> Your instructions: Set every entry below down once more, exactly as it stands, without images.
START Recorded information
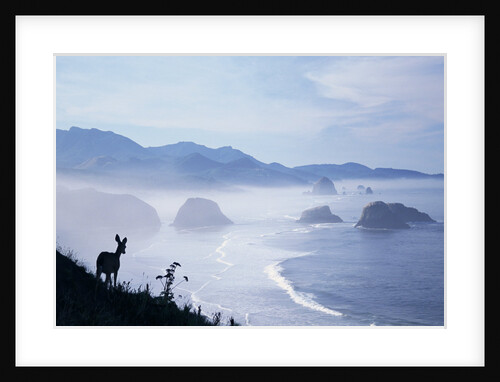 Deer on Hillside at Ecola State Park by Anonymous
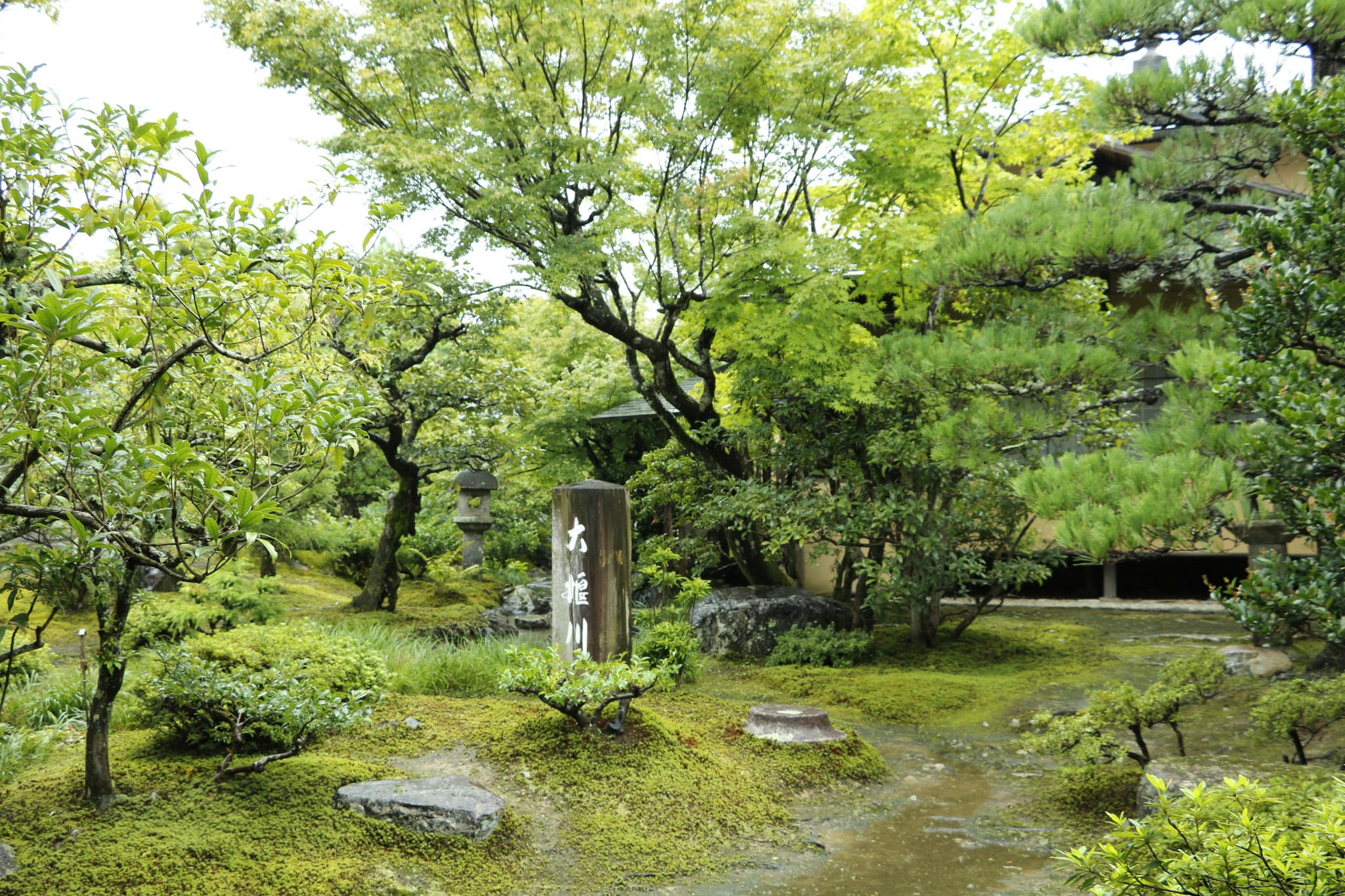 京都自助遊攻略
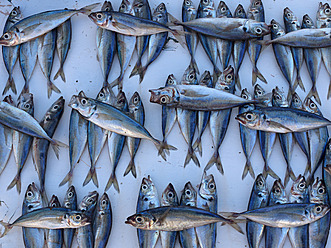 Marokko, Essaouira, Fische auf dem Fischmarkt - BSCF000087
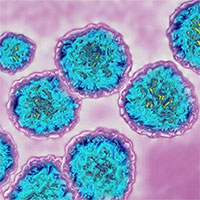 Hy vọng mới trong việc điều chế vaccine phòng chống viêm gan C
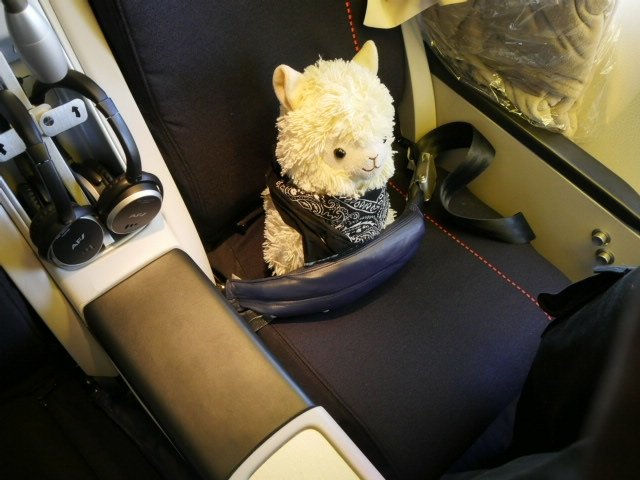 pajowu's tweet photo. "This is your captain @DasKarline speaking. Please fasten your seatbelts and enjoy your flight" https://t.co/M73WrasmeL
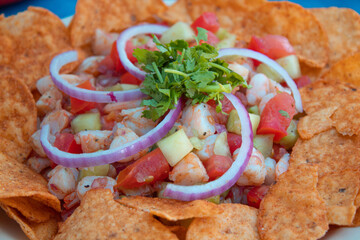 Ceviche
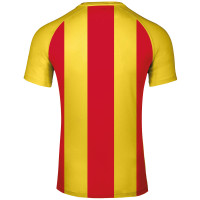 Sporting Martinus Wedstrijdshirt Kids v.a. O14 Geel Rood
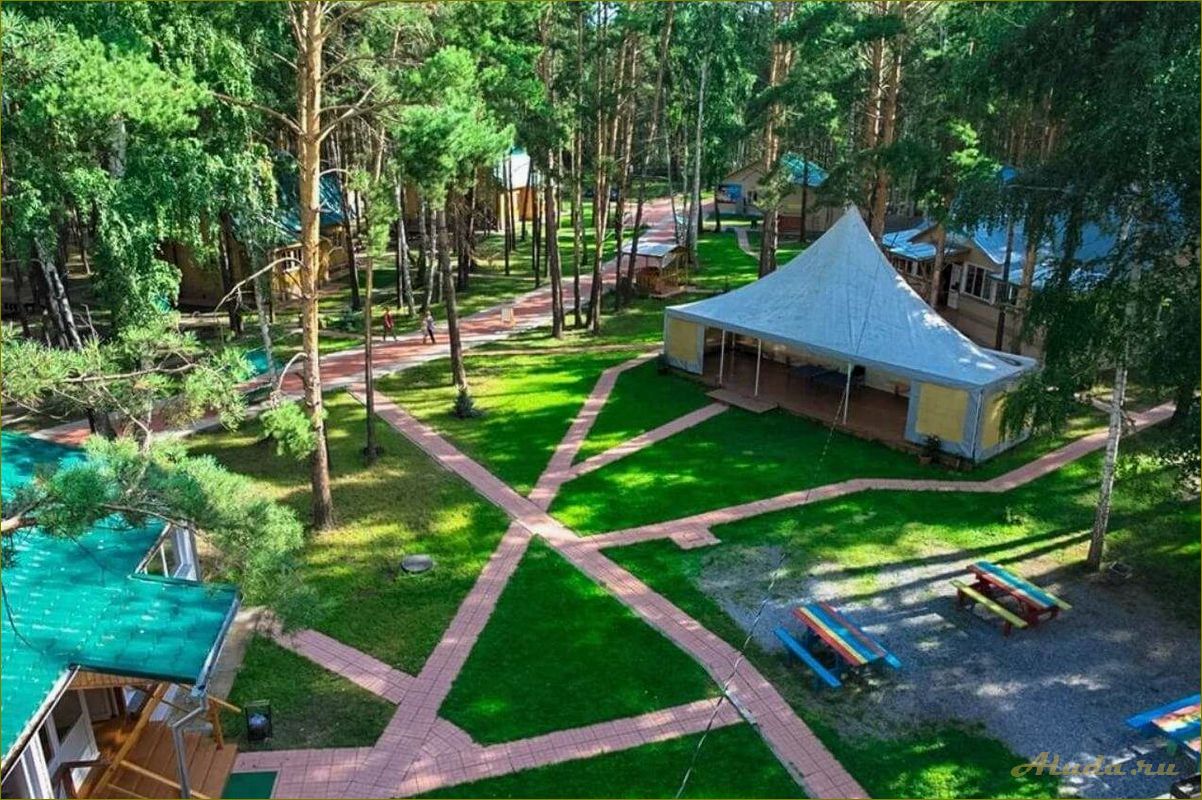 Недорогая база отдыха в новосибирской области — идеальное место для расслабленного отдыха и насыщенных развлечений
END Recorded information
> Response:
 Deer on Hillside at Ecola State Park by Anonymous
 京都自助遊攻略
 Marokko, Essaouira, Fische auf dem Fischmarkt - BSCF000087
 Hy vọng mới trong việc điều chế vaccine phòng chống viêm gan C
 pajowu's tweet photo. "This is your captain @DasKarline speaking. Please fasten your seatbelts and enjoy your flight" https://t.co/M73WrasmeL
 Ceviche
 Sporting Martinus Wedstrijdshirt Kids v.a. O14 Geel Rood
 Недорогая база отдыха в новосибирской области — идеальное место для расслабленного отдыха и насыщенных развлечений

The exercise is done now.